■ What to do
Without the pictures, set down every line of the data exactly.

___ Supplied material

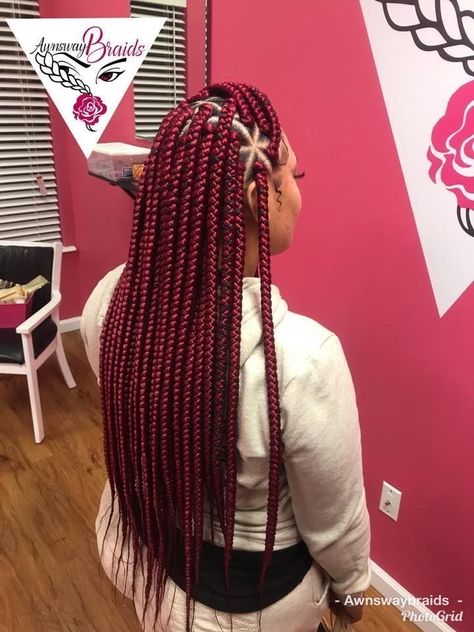 Save time and money!!get this look Knotless Box Braids Large, Box Braids Large, Box Braids Medium, Braids Large, Burgundy Box Braids, Braids Red, Hairstyles And Makeup, Red Box Braids, Braided Mohawk Hairstyles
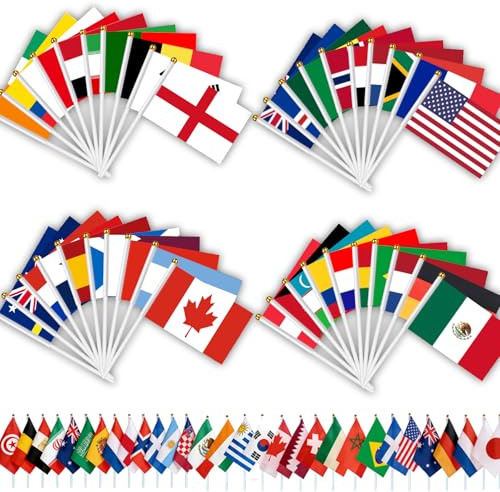 AhfuLife 48 Pays Drapeaux de Coupe du Monde de Football, 14 x 21cm Drapeaux Décorations de la Coupe du Monde avec Mât Blanc de 30cm pour Décor Compétition Football Fans Bar Clubs Fêtes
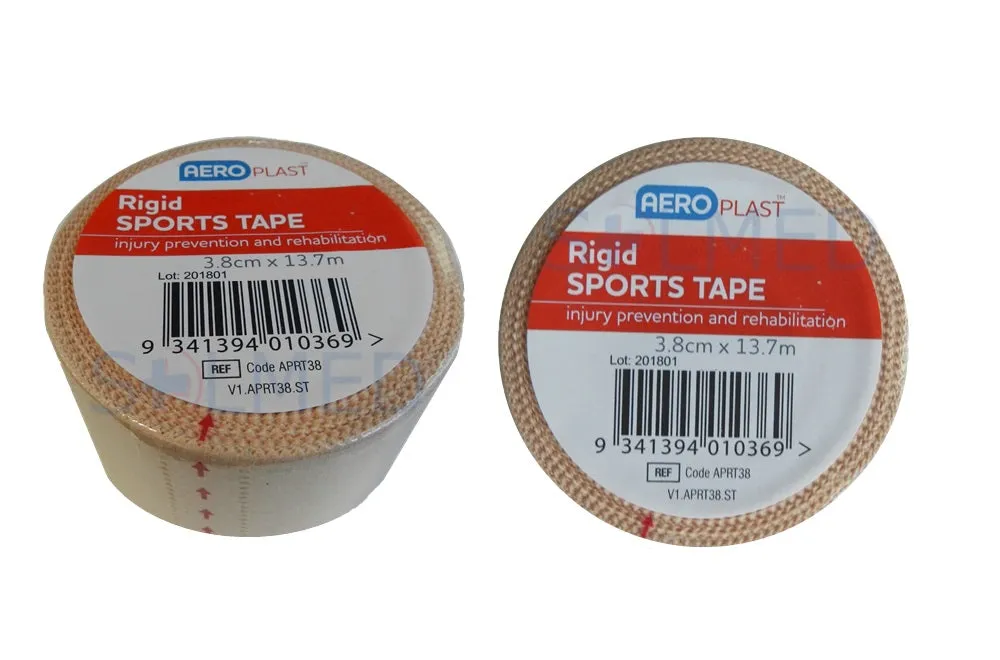 PREMIUM SPORTS TAPE LATEX FREE RIGID STRAPPING TAPE FLESH COLOURED 3.8CM X 13.7M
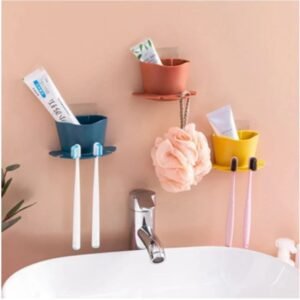 Multifunctional wall mounted toothbrush holder soap ball hanger bathroom organizer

______

■ The answer
 Save time and money!!get this look Knotless Box Braids Large, Box Braids Large, Box Braids Medium, Braids Large, Burgundy Box Braids, Braids Red, Hairstyles And Makeup, Red Box Braids, Braided Mohawk Hairstyles
 AhfuLife 48 Pays Drapeaux de Coupe du Monde de Football, 14 x 21cm Drapeaux Décorations de la Coupe du Monde avec Mât Blanc de 30cm pour Décor Compétition Football Fans Bar Clubs Fêtes
 PREMIUM SPORTS TAPE LATEX FREE RIGID STRAPPING TAPE FLESH COLOURED 3.8CM X 13.7M
 Multifunctional wall mounted toothbrush holder soap ball hanger bathroom organizer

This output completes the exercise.